# Snowboarder gone Skier



## snowklinger (Aug 30, 2011)

fuck you, Judas.


----------



## MarshallV82 (Apr 6, 2011)

Once a gay man comes out of the closet life is generally more full-filling for them! Congrats on your choice. 


I skied till my late teens, I just can't get into skiing anymore. :dunno:

I ride with a mixed group, most people are pretty cool regardless of what is attached to their feet.


----------



## orange_shred (Dec 10, 2013)

Woah now, who said anything about being gay?

I hate teh gays


----------



## ShredLife (Feb 6, 2010)

welcome back DC/JF - may your stay be short.


----------



## orange_shred (Dec 10, 2013)

Idk who Dc/jf is but I'm assuming it's some poster that was actin' a fool? I'm kidding by the way about hating the gays


----------



## ridinbend (Aug 2, 2012)

orange_shred said:


> Idk who Dc/jf is but I'm assuming it's some poster that was actin' a fool? I'm kidding by the way about hating the gays


You don't need to use metaphors to announce your gay. You don't even need to announce it, nobody cares if your ****. :huh:


----------



## OU812 (Feb 2, 2013)

Do you know what the toughest part about skiing is?

Telling your parents you're gay.







(I know, I know, borrowed joke, stfu! :-D )


----------



## BoardWalk (Mar 22, 2011)

You may not really be a skier, you could just be curious. If you answer yes to either of these questions it's too late.

1) Have you bought a one piece?

2) Do you own a fanny pack?


----------



## campfortune (Apr 22, 2008)

I like variety. I like to try many things. I do everything that gives me good fun and is healthy.

I get restless of doing any one thing. I think people who only stick with one thing is boring.


----------



## BurtonAvenger (Aug 14, 2007)

It's only gay if you push back. But as you're a skier you're always pushing back while stroking two poles at the same time.


----------



## chomps1211 (Mar 30, 2011)

orange_shred said:


> Idk who Dc/jf is but I'm assuming it's some poster that was actin' a fool? I'm kidding by the way about hating the gays


This is,... WORD FOR WORD, an exact post from JustFlatulent and/or DCBblow!


Did you _really_ think we wouldn't recognize your Troll stench?


----------



## DaveMcI (Aug 19, 2013)

Hey orange when are you really glad you had skis, and when are u happy to have ur snowboard on?


----------



## Jason913 (Jan 12, 2014)

skiing is boring as shit compared to snowboarding.

have fun


----------



## wrathfuldeity (Oct 5, 2007)

NewSchoolers...for kids that want to look like a boarder but can't ride.

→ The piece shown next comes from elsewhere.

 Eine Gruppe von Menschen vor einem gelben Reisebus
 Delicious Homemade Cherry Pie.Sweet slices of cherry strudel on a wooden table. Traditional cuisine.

Have fun at there at Mission Ridge...ride'n and ripp'n there cowboy.


----------



## timmytard (Mar 19, 2009)

orange_shred said:


> So I've recently become a ******. I'm trying to be open about it, it's tough to come out about this stuff but they say talking about it is the best medicine.
> 
> I guess it started when I was bored at work and they needed more *****'s*. My boss Tom had been pushing *my head down on his dick* for a while telling me that it's no big deal, that I should try it once and he wouldn't push me further than I wanted to go.
> 
> ...


we don't care about your **** stories:thumbsdown:


TT


----------



## F1EA (Oct 25, 2013)

twitter said:


> As a new member of the forum I am quite shocked. He hasn't said anything terrible. He is just stating his opinion. If you don't like it then ignore it but you don't have to pull this shit on him.


Hmmm let's see
On one hand... ignore troll post about skiing.
On the other hand... make fun of said troll post(er).

I think making fun of the post is way more fun.

Anyways, to the OP: 
you go get em sista!! skiing is indeed super fun and super fabulous. While you're at it, try rollerblading and get a ripstick. Super fun and fabulous too.


----------



## chomps1211 (Mar 30, 2011)

twitter said:


> As a new member of the forum I am quite shocked. He hasn't said anything terrible. He is just stating his opinion. If you don't like it then ignore it but you don't have to pull this shit on him.





twitter said:


> Hello,
> 
> *I've scoped this forum since 2010,* and finally got around to creating an account



....if that statement is true, then you should already be more than familiar with how we treat trolls! This guy is a troll. Probably an all too familiar one. In fact, he has been known to bait a post and reply with a different user acct to defend the poor innocent troll baiter against the onslaught of flaming that ensues. Even been known to start claiming to be someone from a well established business! (....twitter? Really?!)




....sound familiar? :huh:
Sorry! Not buying it! Enjoy your brief stay! :eusa_clap:


----------



## td.1000 (Mar 26, 2014)

OP's post was obviously a joke... right?


----------



## ekb18c (Mar 11, 2013)

In before the thread lock..


----------



## SnowDogWax (Nov 8, 2013)

Just a way to get attention, after this is over he still will live life as a troll…


----------



## ekb18c (Mar 11, 2013)

That's because he is you! Troll....


----------



## SnowDogWax (Nov 8, 2013)

campfortune said:


> I like variety. I like to try many things. I do everything that gives me good fun and is healthy.
> 
> I get restless of doing any one thing. I think people who only stick with one thing is boring.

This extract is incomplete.